There was a lot of hope generated last year when the federal government issued directives for better support and training of service providers and foster/adoptive parents of queer youth, and congressional hearings highlighted the many problems, but economic woes have done the opposite of what’s needed with budgets for our most vulnerable, including our youth, slashed.

In Oct of 2011 Carl Siciliano posted a scathing letter on Huffington Post with quotes like:

“And what has been the response of the adult LGBT community? Appallingly little. ” … “Protecting homeless LGBT youth does not register on the radar of the political priorities of our movement. Our national advocacy organizations devote few, if any, resources toward homeless LGBT youth, and have developed no national strategy to respond to their horrific plight.” … “Ultimately, I see the fault lying more so with the adults in our community, as I strongly believe that if we truly made the safety and welfare of these kids a strong priority, then LGBT-supportive politicians would not dare try to throw them in the streets and jeopardize their lives to resolve their budget challenges.”

And still it seems to have fallen on deaf ears, or perhaps not registered at all.  Another year has gone by and Carl is still posting pleas online.

The  burden of homophobia directed against the LGBT community is falling to our youth.   Every time another state takes on marriage equality I cringe because more hate will fill the airwaves from churches and politicians, bombarding parents who take it out on the youth.   While there has been a great deal of response to the teen suicides due to school bullying with the It Gets Better Campaign and the Born This Way Foundation, very little attention is paid by the queer adult community to the discrimination that results in our youth being rejected by their parents and tossed out of the house, only to find homelessness and a spiral to suicide.

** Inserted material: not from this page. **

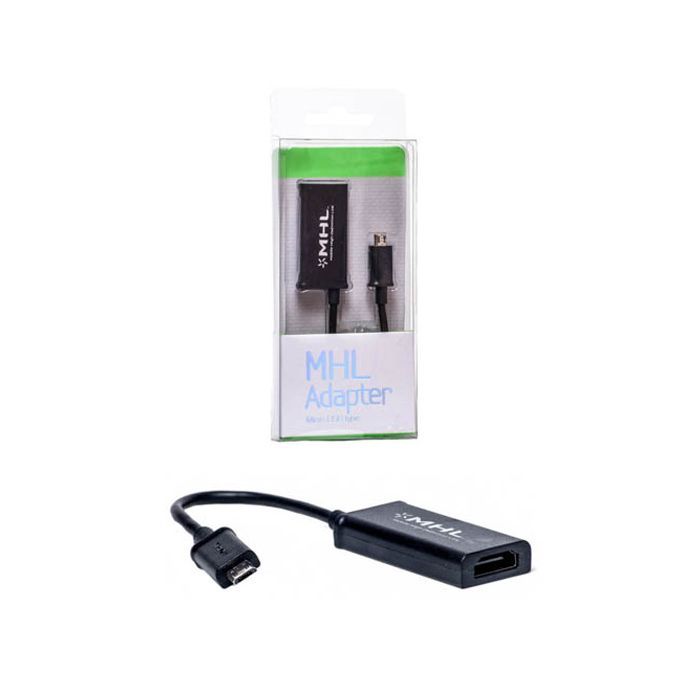 Перехідник micro USB to HDMI PowerPlant (KD00AS1240)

Do we care that once homeless our youth are 50-60% likely to drop out of school because it takes all day to find food and shelter?  What are we as the adult gay community doing to help?  This is not just a New York City or Los Angeles issue.  These youth are homeless everywhere from the big cities to the smallest rural towns.  Let’s all call our legislators to demand solutions, and let’s all contact our local homeless or social justice organization and see what we can do to help!

Cathy Kristofferson is a queer rights activist living in central Massachusetts. She is a co-State Lead of GetEQUAL MA, a board member of Join The Impact MA, and member of the Stop The Hate and Homophobia Coalition Springfield. Cathy is also a member of the Homeless Youth Task Force of the MA Coalition for the Homeless, and is working with the LGBT Working Group of the Unaccompanied Homeless Youth Commission of the Executive Office of Health and Human Services of the Commonwealth of Massachusetts.

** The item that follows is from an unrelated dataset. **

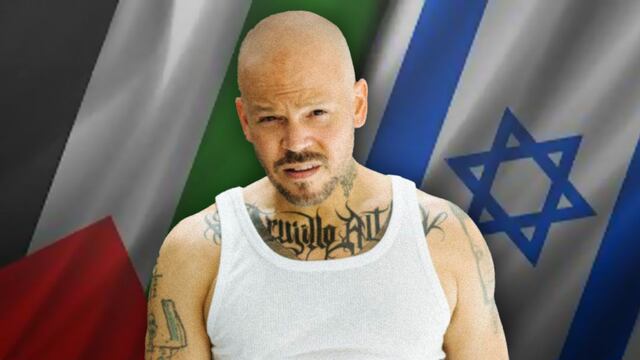 “¡Qué viva Palestina libre!”, dijo Residente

Editor’s Note: A hearty welcome to Cathy Kristofferson and many thanks for this important contribution.  Please visit regularly as Cathy keeps us updated with more homeless queer youth news and information.   I appreciate the use of the word ‘queer’ to mean everything but heterosexual, any sexual minority or questioning status.  Indeed LGBT or LGBTI or GLBT is commonly used, and constantly added to, shows how we are always inadvertently leaving someone out.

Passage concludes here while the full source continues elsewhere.